Exercise prompt: In the copy, keep the lines from the first line of the material below through the line containing "The output is" exactly as they are, and include no pictures.

*** Opening of Input data ***

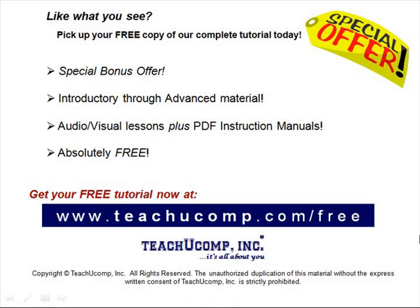Like what you see? Pick up your free copy of the complete tutorial at www.teachucomp.com/free.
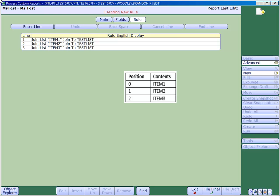The output is exactly the same as when we used the createList function, as each item was added to the end of the list. Item 1 is in position 0, item 2 in position 1, and item 3 in position 2.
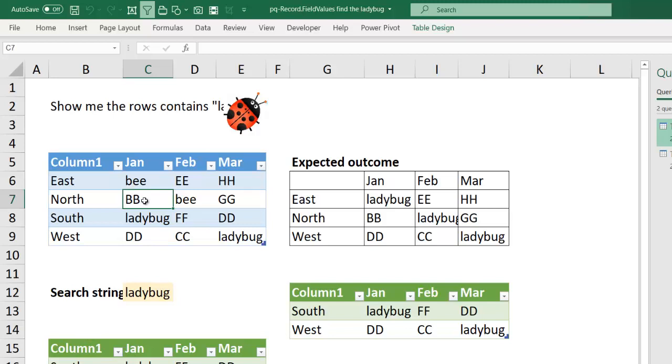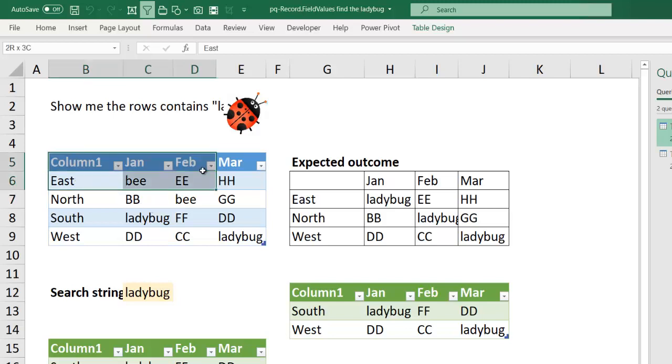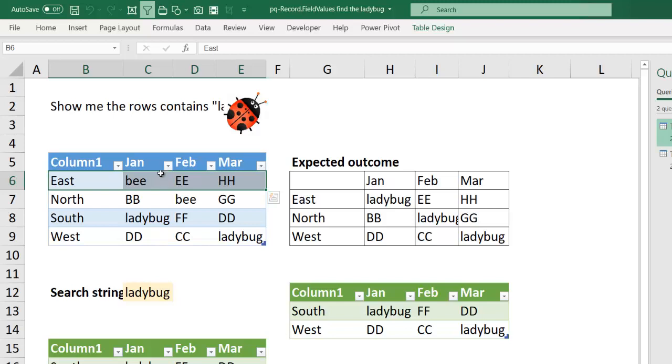So that is how to use record.fieldvalues to return a row of values as a list, and from there you use List.Contains to check whether that list has a value of ladybug. This is a very useful and time-saving method.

*** Close of Input data ***

Completed exercise:
Like what you see? Pick up your free copy of the complete tutorial at www.teachucomp.com/free.
The output is exactly the same as when we used the createList function, as each item was added to the end of the list. Item 1 is in position 0, item 2 in position 1, and item 3 in position 2.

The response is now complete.